Input data section start
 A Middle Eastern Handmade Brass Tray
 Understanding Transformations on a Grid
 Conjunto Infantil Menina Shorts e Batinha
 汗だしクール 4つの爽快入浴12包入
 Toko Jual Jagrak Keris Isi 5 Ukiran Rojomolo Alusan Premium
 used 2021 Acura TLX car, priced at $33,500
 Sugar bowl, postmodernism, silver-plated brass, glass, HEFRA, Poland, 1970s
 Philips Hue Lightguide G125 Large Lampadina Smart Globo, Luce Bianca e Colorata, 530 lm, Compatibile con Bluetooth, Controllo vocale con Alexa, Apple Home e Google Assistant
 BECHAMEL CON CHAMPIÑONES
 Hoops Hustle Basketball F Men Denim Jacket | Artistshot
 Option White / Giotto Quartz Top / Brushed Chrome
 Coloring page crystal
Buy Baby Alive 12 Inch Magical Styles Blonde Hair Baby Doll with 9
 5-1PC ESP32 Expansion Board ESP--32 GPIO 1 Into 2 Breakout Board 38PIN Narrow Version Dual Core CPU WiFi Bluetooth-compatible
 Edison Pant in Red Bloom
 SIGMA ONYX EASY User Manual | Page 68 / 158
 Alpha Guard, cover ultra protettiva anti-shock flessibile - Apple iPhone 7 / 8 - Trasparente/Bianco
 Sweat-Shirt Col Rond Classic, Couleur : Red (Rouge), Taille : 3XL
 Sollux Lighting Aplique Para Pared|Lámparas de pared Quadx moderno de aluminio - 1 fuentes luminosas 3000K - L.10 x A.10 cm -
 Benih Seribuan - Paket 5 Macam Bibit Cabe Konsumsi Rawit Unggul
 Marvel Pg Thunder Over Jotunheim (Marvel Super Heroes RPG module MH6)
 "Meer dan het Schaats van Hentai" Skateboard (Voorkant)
Input data section end
> [What you are asked to do]
Although the records may continue, retype only the lines from the first one through the one containing "Coloring page crystal", exactly as they appear.

> [Output below]
 A Middle Eastern Handmade Brass Tray
 Understanding Transformations on a Grid
 Conjunto Infantil Menina Shorts e Batinha
 汗だしクール 4つの爽快入浴12包入
 Toko Jual Jagrak Keris Isi 5 Ukiran Rojomolo Alusan Premium
 used 2021 Acura TLX car, priced at $33,500
 Sugar bowl, postmodernism, silver-plated brass, glass, HEFRA, Poland, 1970s
 Philips Hue Lightguide G125 Large Lampadina Smart Globo, Luce Bianca e Colorata, 530 lm, Compatibile con Bluetooth, Controllo vocale con Alexa, Apple Home e Google Assistant
 BECHAMEL CON CHAMPIÑONES
 Hoops Hustle Basketball F Men Denim Jacket | Artistshot
 Option White / Giotto Quartz Top / Brushed Chrome
 Coloring page crystal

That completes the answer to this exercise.